El señor Cero dirigía un carrito de helados, justo en frente de la fábrica de números primos. Siempre estaba enfurruñado. Era un cero malhumorado y triste; un cero a la izquierda.

En esto llegó el señor Uno: «Buenos días señor Cero, un helado de limón”. Cero, sin mediar palabra, le dio el helado y a otra cosa. Y el Uno se sentó en el banco de comer helados.

Al rato vino el señor Dos: «Buenos días señor Cero, un helado de fresa«. Cero, sin mediar palabra, le dio el helado y a otra cosa. Y el Dos se sentó el en banco de comer helados.

El turno del señor Tres: “Buenos días señor Cero, un helado de nata». Cero, sin mediar palabra, le dio el helado y a otra cosa. Y el Tres se sentó el en banco de comer helados.

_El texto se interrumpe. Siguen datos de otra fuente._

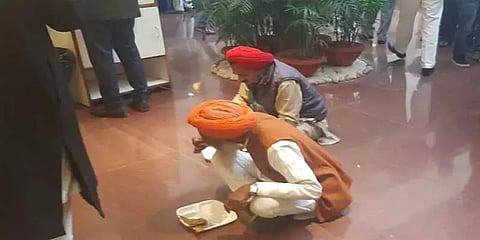 “நாங்கள் உணவு கொண்டு வந்துள்ளோம்” அரசாங்கத்தின் உணவு உபசரிப்பை மறுத்த விவசாயிகள்!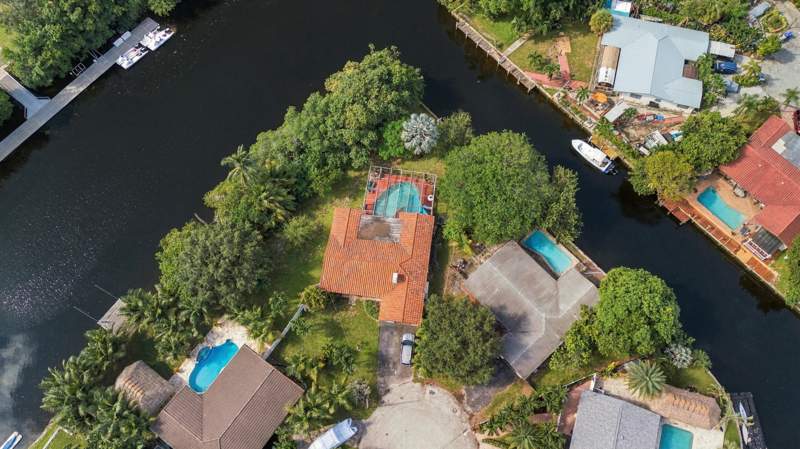 4 bedroom Single Family Residence at 460 SW 18th Court, Boulevard Park Isles Sec 4, Pompano Beach — photo 3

Uno tras otro, los números pasaban por el carro del señor Cero y, uno tras otro, se llevaban su helado y el enfurruñamiento del Cero.

En el banco de comer helados, los números se preguntaban el porqué del cabreo permanente del heladero. Entre churretes de helado llegaron a la conclusión que el Cero se veía a sí mismo como alguien inútil, sin valor y de ahí su enfado. Y el Uno, que por algo lo era, propuso la solución.
«Poneos uno de tras de otro», le dijo a sus colegas. La fila resultante fue 123456789.

Llamaron al Cero enfadado y le dijeron: «Señor Cero, póngase el último en la fila». El Cero se dejó caer rodando hasta el final y se puso tras el nueve.

Con él en la fila la cifra pasó del millón al billón.
Cero se quedó de piedra, todo lo de piedra, que puede quedarse un cero. Y se dio cuenta de lo importante que podía ser.

Tan contento se puso, que invitó a los nueve números a todos los helados que pudieran comerse.